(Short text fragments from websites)
• • • •

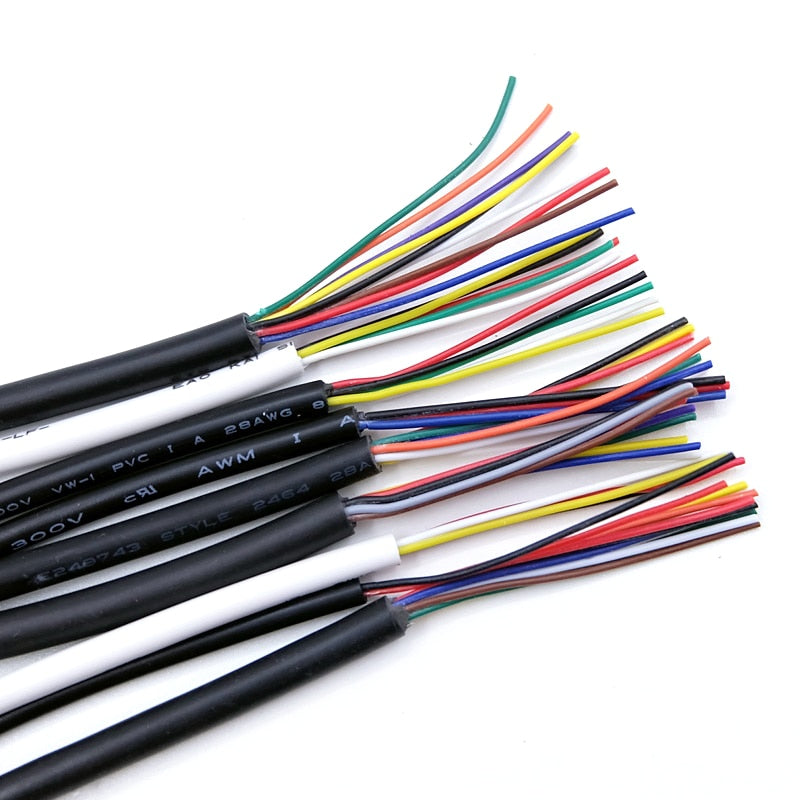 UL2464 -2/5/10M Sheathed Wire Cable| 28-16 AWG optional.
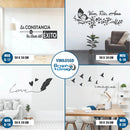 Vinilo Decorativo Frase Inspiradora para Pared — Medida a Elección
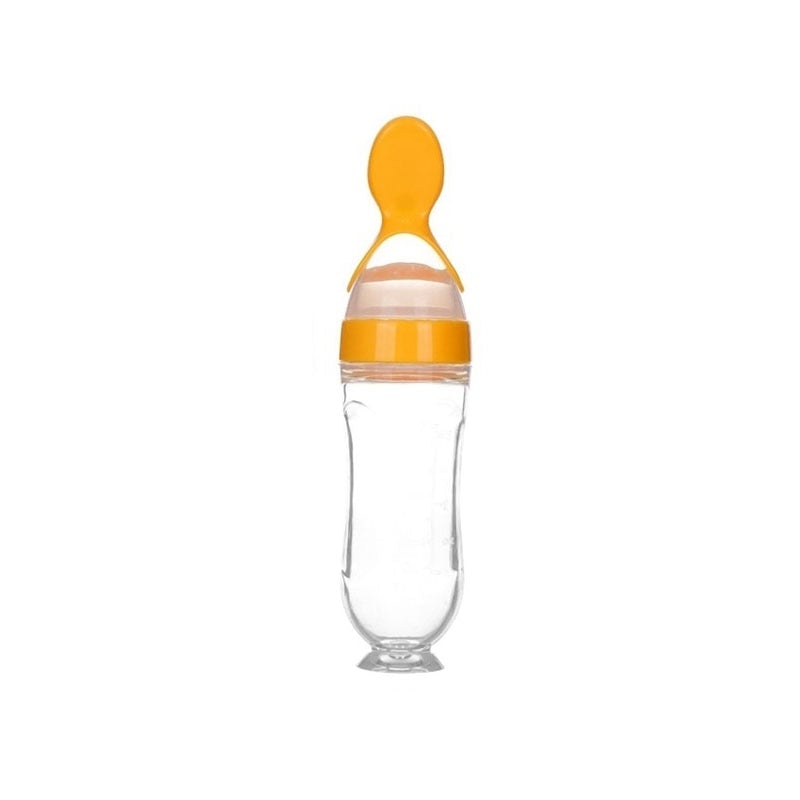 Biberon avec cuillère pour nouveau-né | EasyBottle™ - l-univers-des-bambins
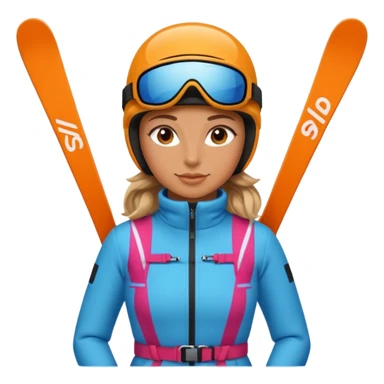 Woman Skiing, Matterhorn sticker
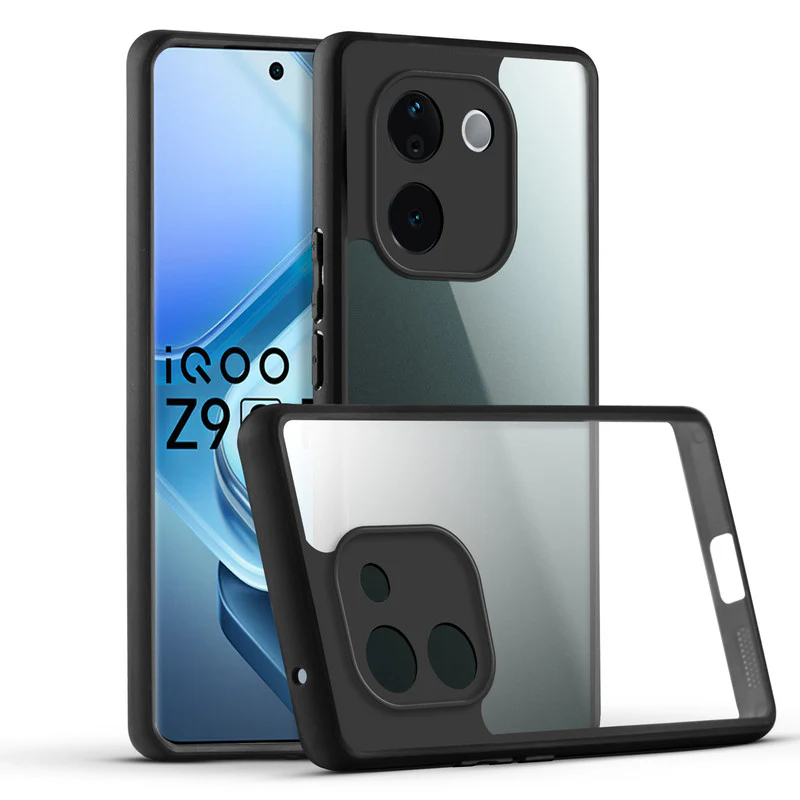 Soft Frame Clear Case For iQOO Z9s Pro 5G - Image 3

• • • •

Please write out exactly the lines starting at the one that contains "Biberon avec cuillère" and ending with the final line of the entries, both ends included. Do not write out any pictures.

_TASK RESPONSE_
 Biberon avec cuillère pour nouveau-né | EasyBottle™ - l-univers-des-bambins
 Woman Skiing, Matterhorn sticker
 Soft Frame Clear Case For iQOO Z9s Pro 5G - Image 3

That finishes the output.